MARCEAU. "Marceau was clever and good, and of great promise, but he had little experience before he fell."
This general I had to look up: He died from his wounds in Austrian captivity in 1796.
MOREAU. "No great things."
AUGEREAU. Ditto.
JUNOT. Ditto.
GOUVION ST. CYR. "A clever man and a good officer, but deficient in enterprise and vigour."
MACDONALD. "Too regular, too methodical; an excellent man, but not a great general.”
NEY. "No extent of capacity: but he was unfortunate; he is dead."
VICTOR. "An old woman, quite incapable."
There are some funny scenes with this marshal that Brun de Villeret describes in his Cahiers. Apparently, Brun needed to go calm down Victor on several occasions.
JOURDAN. "Not capable of leading large armies."
MASSENA. "Excellent in great danger; negligent and of no goodness out of danger. Knew war well."
That’s a little less praise for Masséna than in his memoirs. But Soult is all around bragging a lot in this conversation, though it’s hard to tell how much of it may have been jokingly. (Then again – Soult and joking? Probably not.)
MARMONT. "Understands the theory of war perfectly.
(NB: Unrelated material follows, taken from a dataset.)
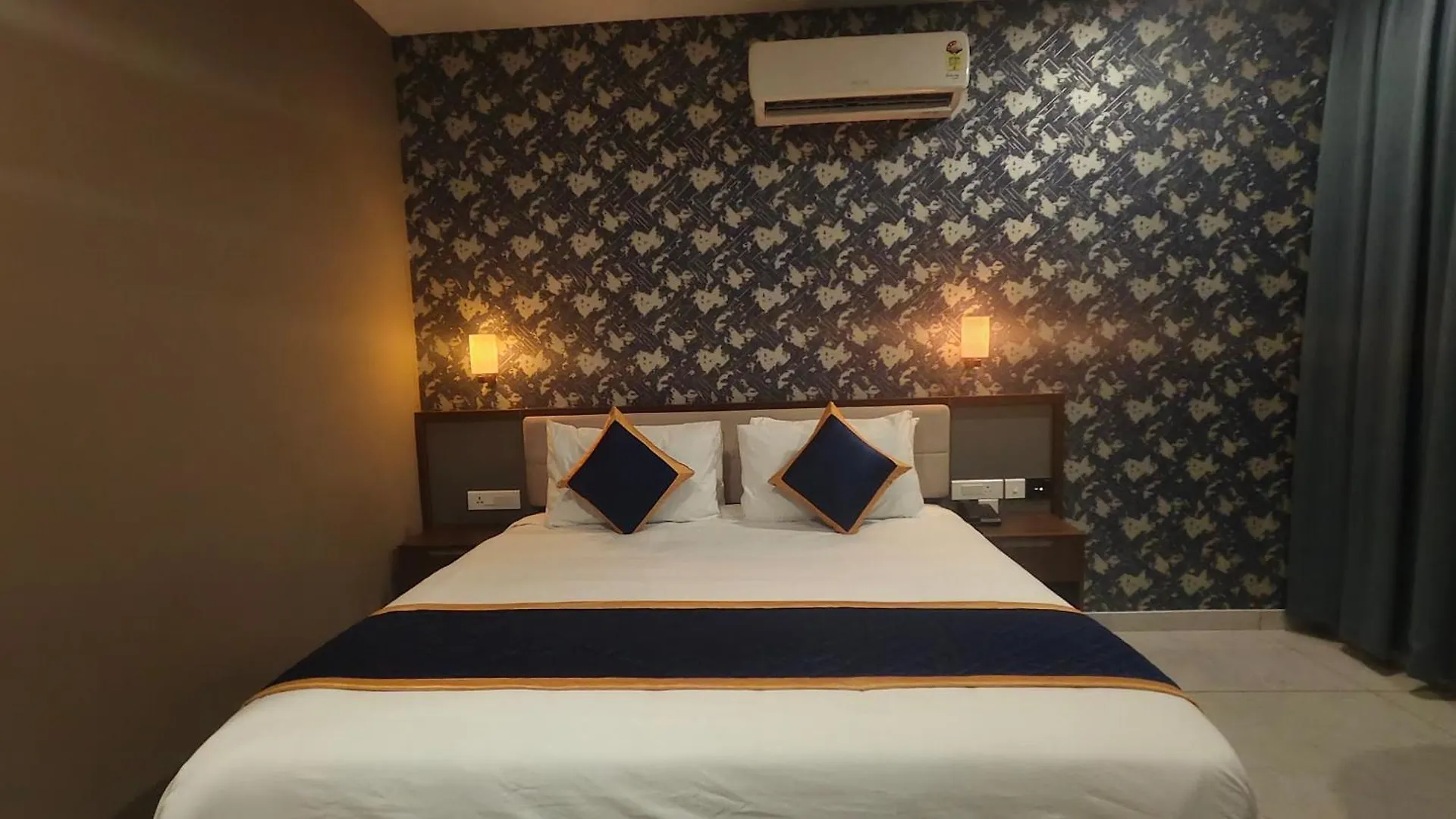Отель Blue Diamond Residency Perintalmanna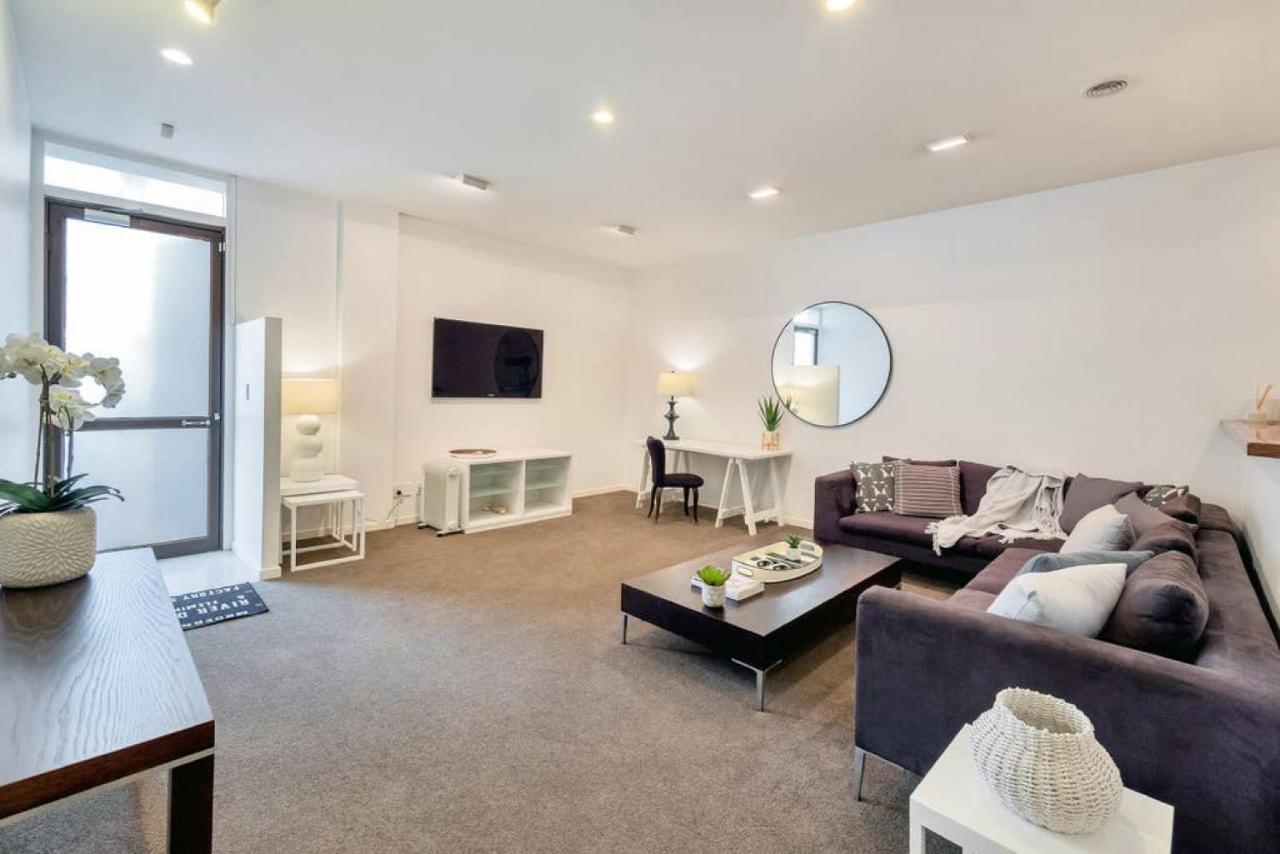 Spacious 2br Near Westfield Newmarket Apartment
History will tell what he did with his knowledge." (This was accompanied with a sardonic smile.)
And of course refers to Marmont’s alleged betrayal of Napoleon in 1814.
REGNIER. "An excellent officer." (I denied this, and gave Soult the history of his operations at Sabugal.) Soult replied that he was considered to be a great officer in France; but if what I said could not be controverted as to fact, he was not a great officer, his reputation was unmerited. (The facts were correctly stated, but Regnier was certainly disaffected to Napoleon at the time; his unskilful conduct might have been intentional.)
DESAIX. "Clever, indefatigable, always improving his mind, full of information about his profession, a great soldier, a noble character in all points of view; perhaps not amongst the greatest of generals by nature, but likely to become so by study and practice, when he was killed."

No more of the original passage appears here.